Getting PostgreSQL data from AWS

Amazon RDS for hosting your production (or demo) database servers is great, because it is managed, which means that many minute but crucial things (such as backups, for example) are handled automatically.

However, sometimes it is necessary to try some part of production data on your local development machine.

If you try a simple Google search, you'll probably end up on StackOverflow and see a suggestion that goes something like this:

$ pg_dumpall -p 5432 > /path/to/my/dump_file.sql

This, however, is not the best solution as it dumps everything whereas we are only interested in one part of the data. Moreover, to make this approach work, we have to connect to the remote DB host via SSH and then organize the transfer of `dump_file.sql` to your local machine. There must be a better way.

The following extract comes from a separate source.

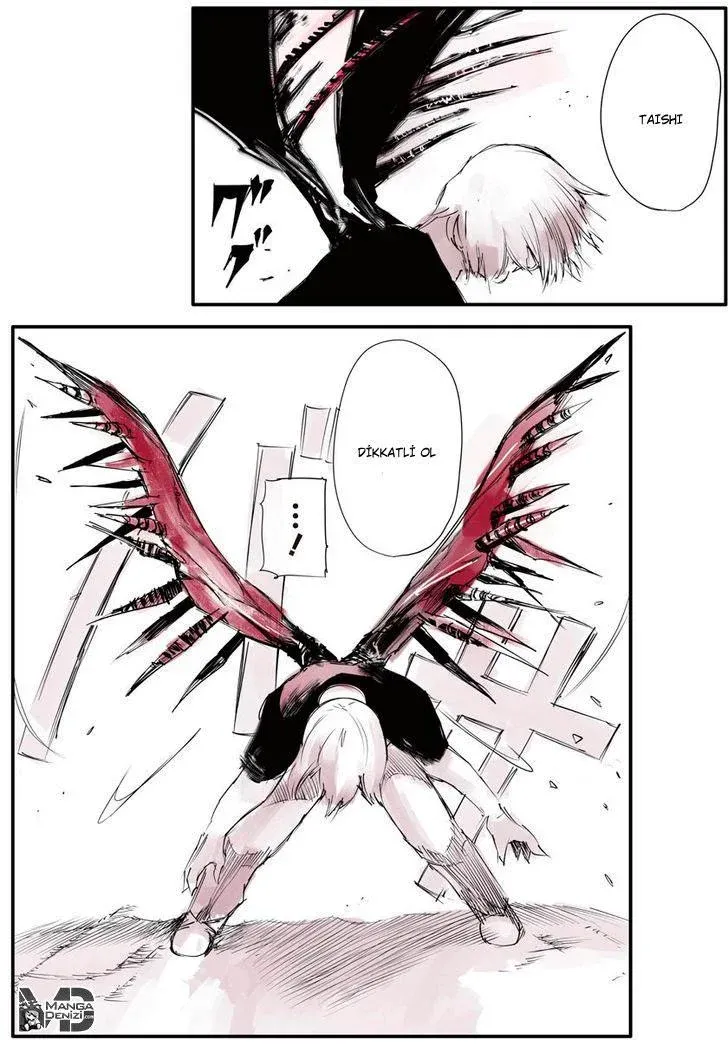 Tokyo Ghoul : Jack Bölüm 5 - Sayfa 2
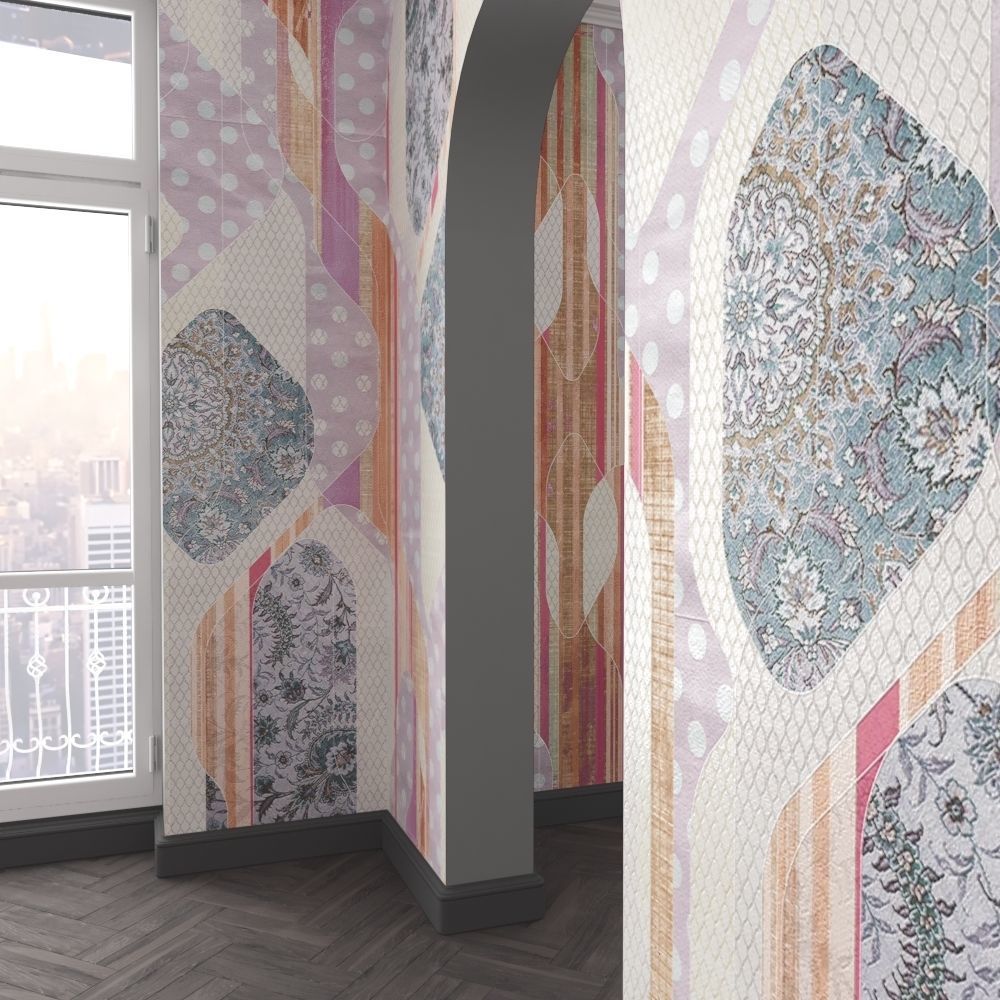 Wallpaper for variation-88 3D model_1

One such a way is to use `psql` utility client that allows executing commands on remote PostgreSQL hosts.

First, we need to connect to the remote instance:

$ psql --host=proddb.our_region.rds.amazonaws.com --port=5432 --username=user_prod --password --dbname=prod_db

Once connected, we have a number of options. One option is to use the `COPY` command:

prod_db=# COPY (SELECT * FROM bt WHERE cr > '2012-05-01') TO '/tmp/file';

The problem with `COPY` is the `TO` argument? Where do you think the dump file will go? That's right, it will be stored on the remote host! We, however, need this file on our local machine, not on an RDS host. What can we do? Use the `\copy` command (note the backslash):

prod_db=# \copy (select * from feed_xml where create_date < '2018-08-30' order by create_date desc limit 10) To '/tmp/test.csv' With CSV HEADER

The commands look similar, but there is an important difference. The first `COPY` is a SQL command and it is executed by the remote engine. The second `\copy` is a `psql` command and it is executed on your local machine.

The last step is to import data into the locally running instance:

local_db=# \copy feed_xml from '/tmp/test.csv' With CSV HEADER

And that's it! No need to connect to a remote host using SSH or copy dump files manually.